We briefly discussed the importance of data normalization in the previous chapter.

The main reasons for data normalization are:
* to make the data more suitable for the model (e.g. neural networks have better convergence properties if the data normalization is compatible with the parameter initialization)
* to deal with outliers, skewed distributions, and non-linear relationships
* to prevent the model from being biased towards some features
* to prevent the model from learnign wrong relationships between features due to improper data representation

We are going to look at the most standard data preprocessing/normalization techniques:
* StandardScaler
* MinMaxScaler
* RobustScaler
* PowerTransformer

* LabelEncoder
* OrdinalEncoder
* OneHotEncoder

Which of these do you already know?

## Сontinuous data

In [None]:
cols = ['AveRooms', 'Longitude', 'MedHouseVal']
xy = np.concatenate((x_orig, y_orig.reshape(-1, 1)), axis=1)
df_sel = pd.DataFrame(xy, columns=data.feature_names + data.target_names)
df_sel = df_sel[cols]

v1, v2, v3 = df_sel.values.T

# make pairgris as before:
g = sns.PairGrid(df_sel)
g.map_upper(sns.kdeplot, n_levels=10)
g.map_lower(sns.regplot, scatter_kws={'color': 'blue', 'alpha': 0.1, 's': 15}, line_kws={'color': 'red', 'alpha': 0.3})
g.map_diag(sns.histplot, multiple='stack')

In [None]:
# for each variable perform each normalization and plot the distribution (upper row) and the log distribution (lower row)

norms = [StandardScaler, MinMaxScaler, RobustScaler, PowerTransformer]
norms_names = [ 'StandardScaler', 'MinMaxScaler', 'RobustScaler', 'PowerTransformer']

n_norms = len(norms)
for v, ttl in zip([v1, v2, v3], cols):
    fig, ax = plt.subplots(2, 1 + n_norms, figsize=(15, 4))

    for j in range(2):
        ax_ji = ax[j, 0]
        sns.histplot(v, ax=ax_ji, alpha=0.3)

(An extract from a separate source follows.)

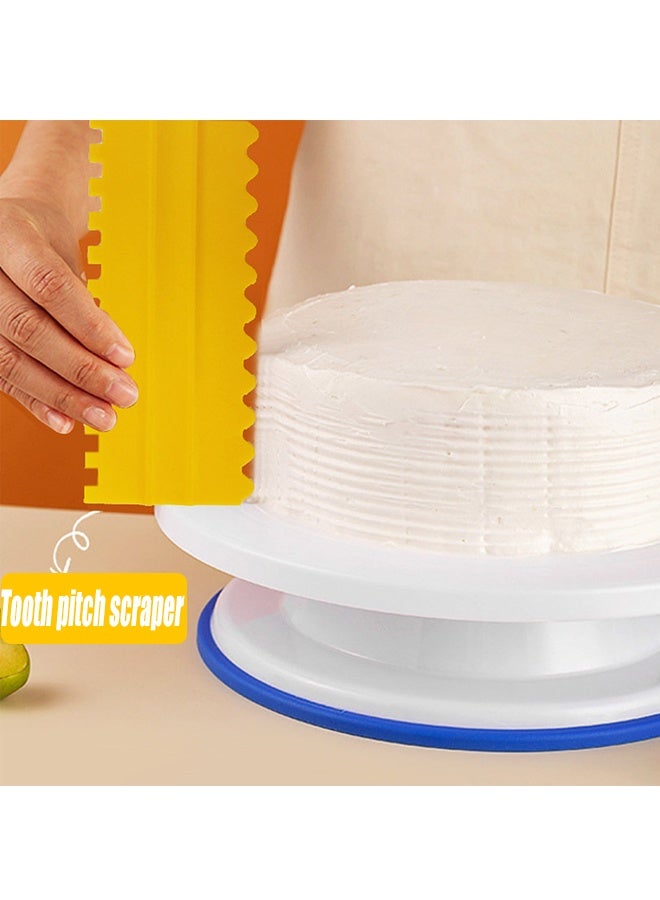 هومستر 4 أجهزة كمبيوتر شخصية / مجموعة كعكة كاشح ديكور البلاستيك Sawtooth مشط موس زبدة كريم كعكة حافة الأدوات البلاستيك Sawtooth كعكة التجليد ناعم المطبخ الخبز كعكة حافة أداة DIY - الأصفر - Image 4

        moments = [v.mean(), v.var(), skew(v), kurtosis(v)]
        moments_str = ', '.join([f'{moment:.3f}' for moment, moment_name in zip(moments, ['mean', 'var', 'skew', 'kurt'])])
        ax_ji.set_title(f'original data\n{moments_str}')

        if j==1:
            ax_ji.set_yscale('log')

        for i, (norm, norm_name) in enumerate(zip(norms, norms_names)):
            v_norm = norm().fit_transform(v.reshape(-1, 1)).reshape(-1)

            # get all first 4 moments of the distribution
            moments = [v_norm.mean(), v_norm.var(), skew(v_norm), kurtosis(v_norm)]
            moments_str = ', '.join([f'{moment:.3f}' for moment, moment_name in zip(moments, ['mean', 'var', 'skew', 'kurt'])])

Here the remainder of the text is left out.